--- START ---
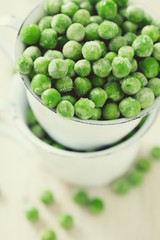 frozem peas on wooden surface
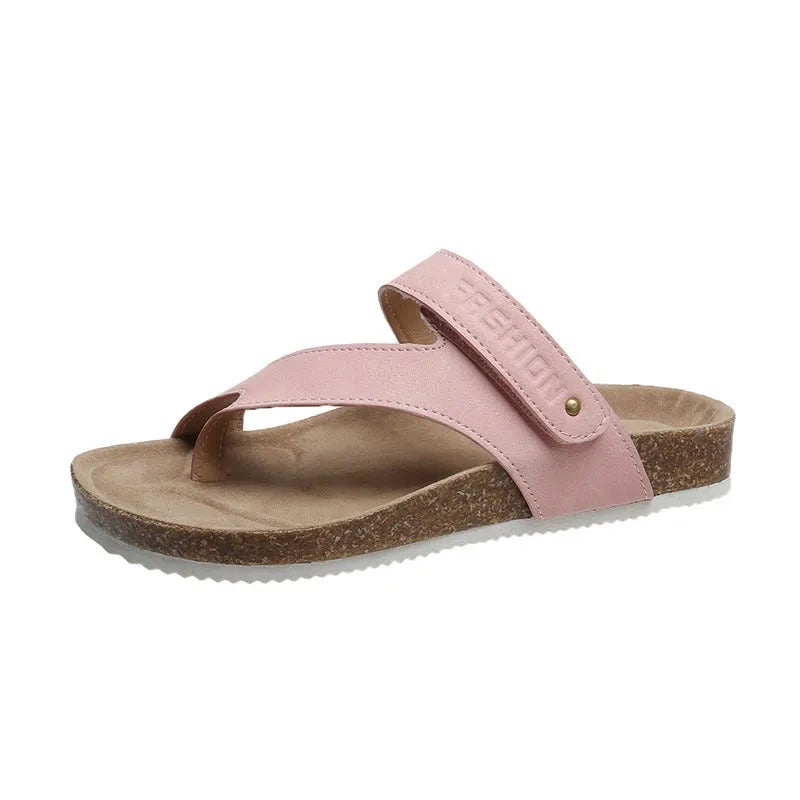 Women's blue flip-flops with a thick foam sole and a flat toe ring design on a solid colour artificial PU upper.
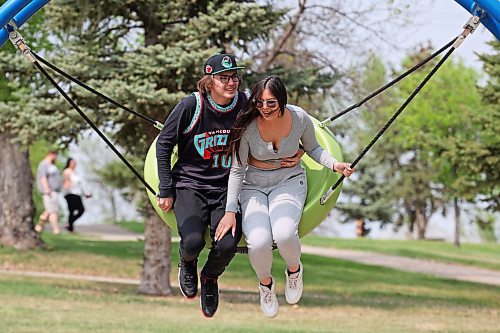 24052023
Kaidence Bone and Sinica Boyer swing together at Rideau Park on a sunny Wednesday afternoon.
(Tim Smith/The Brandon Sun)
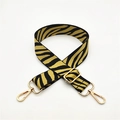 Detail of zebra pattern bag strap with adjustable buckle and gold metal lobster hooks - Yellow on Black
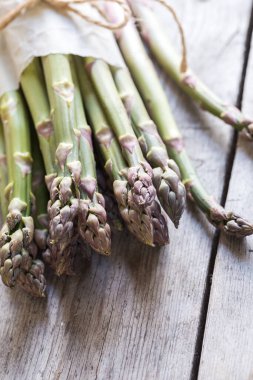 yeşil kuşkonmaz. Gri ahşap bir arka planda bir sürü yeşil kuşkonmaz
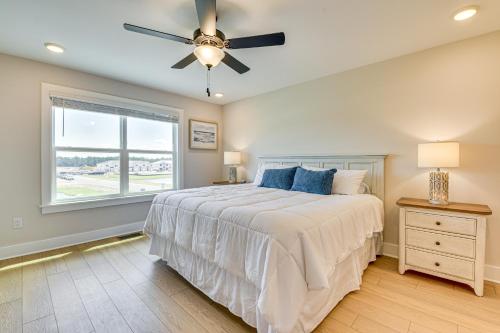 a bedroom with a bed with a ceiling fan and a window at Easy Beach Access New PCB Retreat with Resort Pool! in Panama City Beach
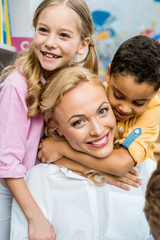 cute kids hugging happy woman standing near adorable boy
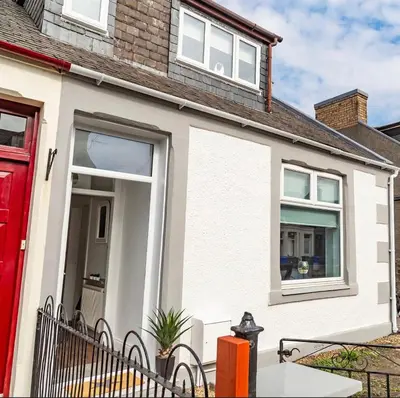 a white house with a red door at The Mila - Ayr Racecourse - Coorie Doon Stays in Ayr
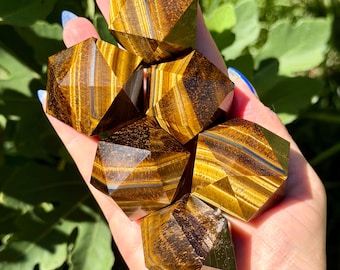 May include: A collection of five faceted tiger's eye gemstones, each featuring a distinct golden-brown and dark brown striped pattern. These polished stones are cut into geometric shapes with multiple triangular faces that reflect light.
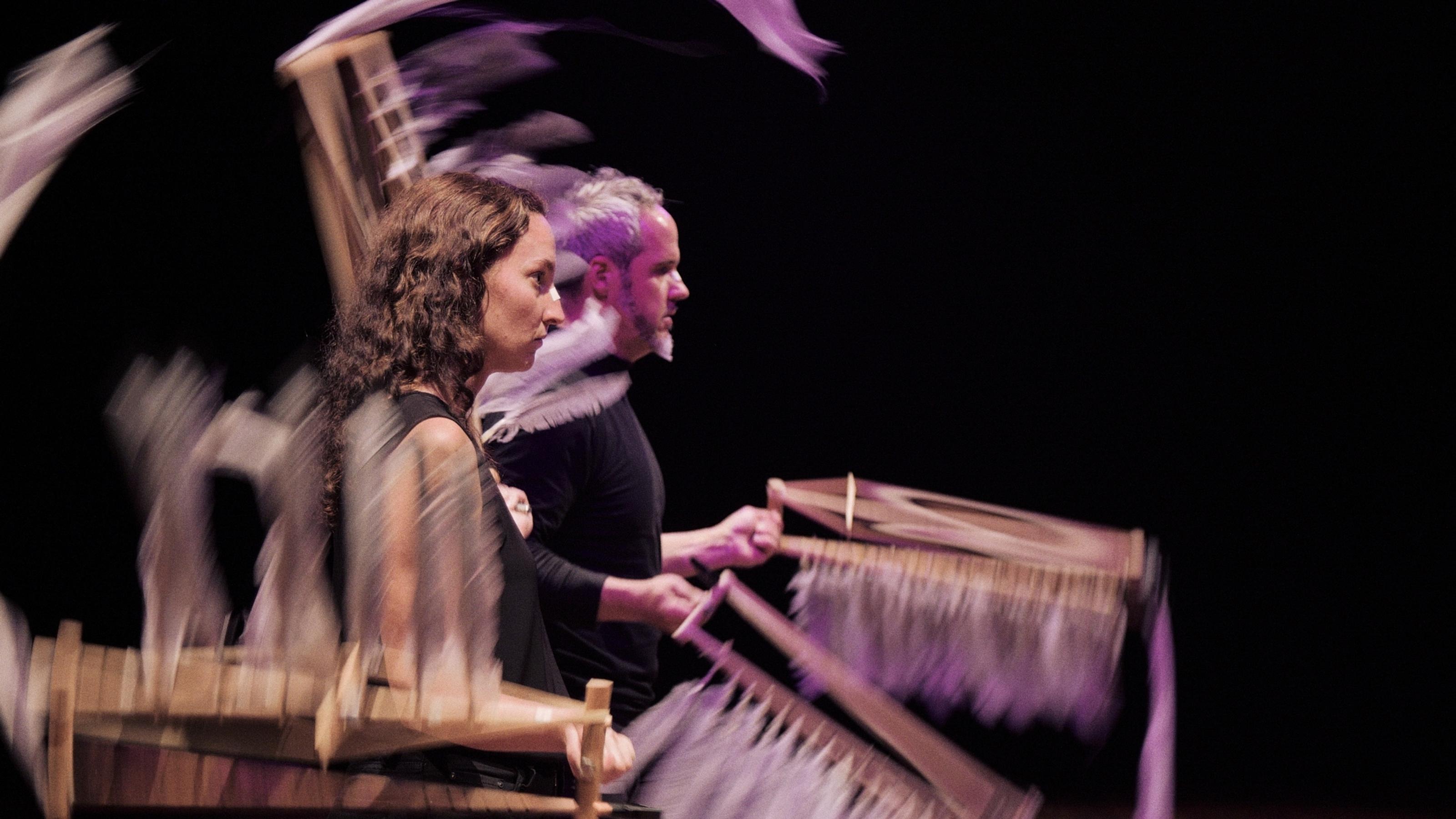 Two people stand on a dark stage and twirl feathered wings as they stare out to the audience.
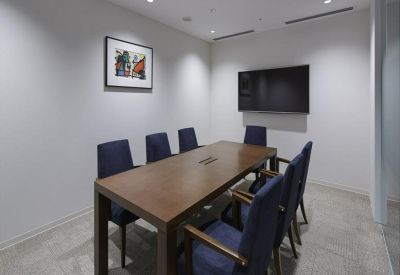 Professional meeting room with a wooden table, navy blue chairs, and a wall-mounted screen.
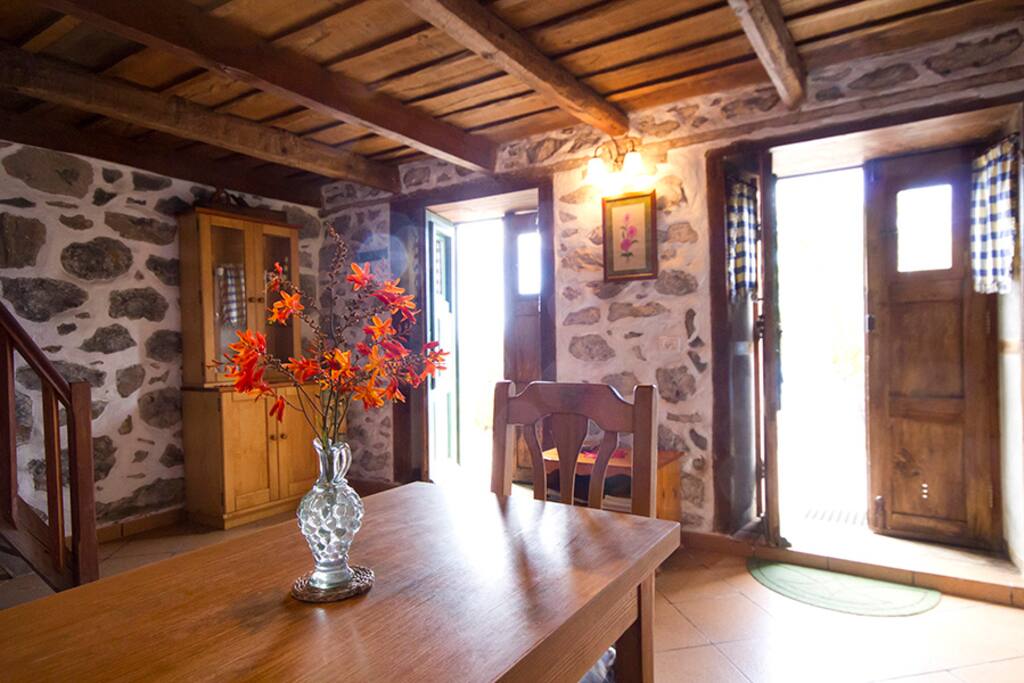 Dining table of lounge area. The two sets of doors open out onto patios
--- END ---
Task to complete - Repeat the listing above from its first line through the line that contains "(Tim Smith/The Brandon Sun)", both included, and nothing more. Drop the pictures.

Completed exercise -
 frozem peas on wooden surface
 Women's blue flip-flops with a thick foam sole and a flat toe ring design on a solid colour artificial PU upper.
 24052023
Kaidence Bone and Sinica Boyer swing together at Rideau Park on a sunny Wednesday afternoon.
(Tim Smith/The Brandon Sun)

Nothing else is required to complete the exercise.